道を聞く人

ある日の昼飯時、人の往来の激しい都心に、一人の若者が居た。


なんてことの無い普通の大学生である彼は、たまの休日、ぶらりと街中を歩き回るのが趣味だった。


するとある時、その若者が、一人の男性に声を掛けられた。


「ちょいとすみませんな」


若者は、声のした方へと振り返る。


見たところ、歳は50か60と言った所だ。


若者は、少しきょとんとした顔で受け答えた。


「なんですか?」


「お手間で無けりゃ、ちょいと駅までの道を教えて頂けませんかね」


「ええ、構いませんよ」


若者は、その男に、駅までの道を説明する。


しかしその間、若者はちっとも説明に集中出来ていなかった。


その理由というのが、その男の【癖】である。


事ある事に、右の口角を、イーっと釣り上げるのだ。


若者はその癖が気になって仕方が無かったが、初めてあった人間にいきなり癖を指摘するというのも気が引けると思い、言葉にはしなかった。

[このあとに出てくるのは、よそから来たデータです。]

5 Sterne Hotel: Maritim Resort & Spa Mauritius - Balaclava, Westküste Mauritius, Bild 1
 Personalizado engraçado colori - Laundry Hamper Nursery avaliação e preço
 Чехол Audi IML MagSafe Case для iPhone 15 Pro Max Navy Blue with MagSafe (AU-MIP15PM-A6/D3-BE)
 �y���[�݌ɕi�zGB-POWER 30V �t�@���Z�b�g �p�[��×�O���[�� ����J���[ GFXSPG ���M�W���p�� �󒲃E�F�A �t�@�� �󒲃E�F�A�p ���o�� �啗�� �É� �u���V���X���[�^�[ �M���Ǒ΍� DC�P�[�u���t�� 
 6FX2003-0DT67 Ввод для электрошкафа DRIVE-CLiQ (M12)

「…と言った感じです。この辺りは建物が多いので、ここから徒歩だと駅までは少しかかると思います」


「そうですかそうですか。いやはやありがとうございます。」


「いやね、この辺りは道が入り組んどってまぁ…。本当に右も左も分からんちゅう感じですわ」


「まぁ、少し複雑ですね」


「いやしかし助かった。ありがとうございますな」


そう言うと男は、若者の方へ手を振りながら人混みへと消えていった。



しかし、その日からというもの、若者はなぜだかその男の事が頭から離れずに居た。



道を歩いていても、飯を食っていても、床についていても、片時も忘れられなかったのだ。


そしてそれから数日が経ち、彼が所属しているサークルの飲み会で、皆にその男の事を話した。


彼はなんてことなく、ただ、飲みの話のタネになればいいと思い話しただけだったが、向かいの席に座っていた女の同級生が、彼に向かってこう言った。


「そ、それってもしかして、○✕駅の△通りで…?」


彼は、目を丸くして驚いた。


「ど、どうして知ってるんだい…。」


すると、彼女はこう答えた。


「私もこの間、同じ場所で駅までの道を教えて欲しいって、変な癖の人に声を掛けられたの…。」


彼女がそう言うと、席の端に座り、大人しくしていた男が言った。


「…俺もだ。」


そのセリフを聞き、その場に居た全員の視線がその男に向けられた。


「ついこの前、△通りを歩いていたら、右の口角を上げてる男に、駅までの道を教えてくれって…。」


皆、その奇妙な偶然に、変質者なのでは、若者を狙っているのではと、不安の声を口々に上げた。


そうしてその日の飲み会を終えた、次の日。


問題の男の事は、彼の頭から離れるどころか、いつもよりも一層意識してしまっていた。


喋り方、妙な癖、何者だったのか、何故自分に話しかけたのかと、どんな時でもその男の事を考えてしまい、様々な用事がまるで手につかなかった。


次第に彼は、その男の事を考えるのが普通になっていった。


その男の仕草や声は、思い出すまでもない。


いや、仕草や声どころか、その男のコートの生地から、手や足の大きさに至るまで、事細かに思い出す事が出来る。



いつしか彼には、男の癖も移っていった。



気が付くと、右の口角をイーっと上げている。


そして、家に帰って鏡を見る度、喋り方や格好までもがその男に近づいているような気がした。


自分が自分で無くなっていくような恐怖は、なかった。


それも当然だ。


きっと自分は、あの男に憧れていたのだろう。


あの男のようになりたいと、心の奥でそう、願っていたのだ。


そういえば、最近見かけないが、あの男に声をかけられたと言っていた二人は、今、何をしているのだろう?



少し気になる。



しかし、心配はしていない。



あの男に出会えた二人なら、きっとあの男の素晴らしさに気付いたはずだから。



さて、今日は休日だ。




さっさと準備を済ませて出かけるとするかの。



そういえば、あの駅まではどうやって行くんだったかな?





まあいい、行く途中に、道行く人にでも声をかけて聞いてみるかね。